Toronto – Since 2001, a tri-government partnership of Toronto, Ontario and Canada has led the redevelopment of a 2,000-acre stretch along Lake Ontario, creating over 100 acres of parks, 16 miles of new waterfront access, and $13 billion ($9.5 billion U.S.) in private investment.

Cleveland already has its own waterfront assets: Cleveland Metroparks reservations line the lake – east and west – and downtown’s Voinovich Park offers public space north of the Rock and Roll Hall of Fame and the Great Lakes Science Center.
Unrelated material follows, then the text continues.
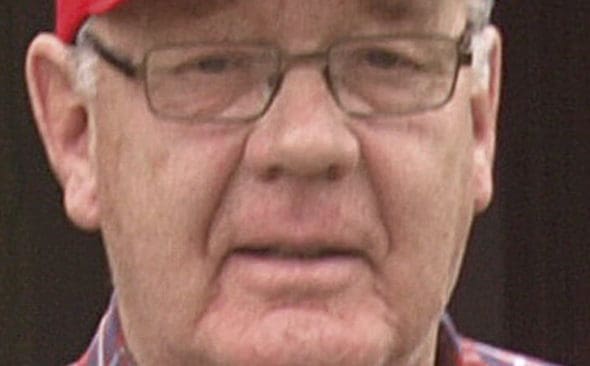 Anders Dunder &auml;r en av de fem som &aring;talas, misst&auml;nkta f&ouml;r att ha f&ouml;rberett illegal vargjakt.&nbsp;Han och de &ouml;vriga i Lillh&auml;rdalfallet har v&auml;ntat drygt tv&aring; &aring;r p&aring; &aring;talsbeskedet.&nbsp;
Work is underway on a multi-purpose path linking East 55th Street and East Ninth Street north of the Shoreway, and on the Metroparks’ new Sailing Center at East 55th Street Marina. And prep work is being done for the 20-acre Irishtown Bend park on the west bank of the Cuyahoga River.

The next chapter is around the stadium site downtown, which likely will include both public and private investments.

“When you start looking at the evolution of the Detroit riverfront, it truly was a collaboration of public and private partners from the beginning,” said Pasco of the Riverfront Conservancy. “If we wouldn’t have shared this vision, we wouldn’t have had the success we’ve had. When people work together, the possibilities are endless. The Detroit riverfront is proof of that.”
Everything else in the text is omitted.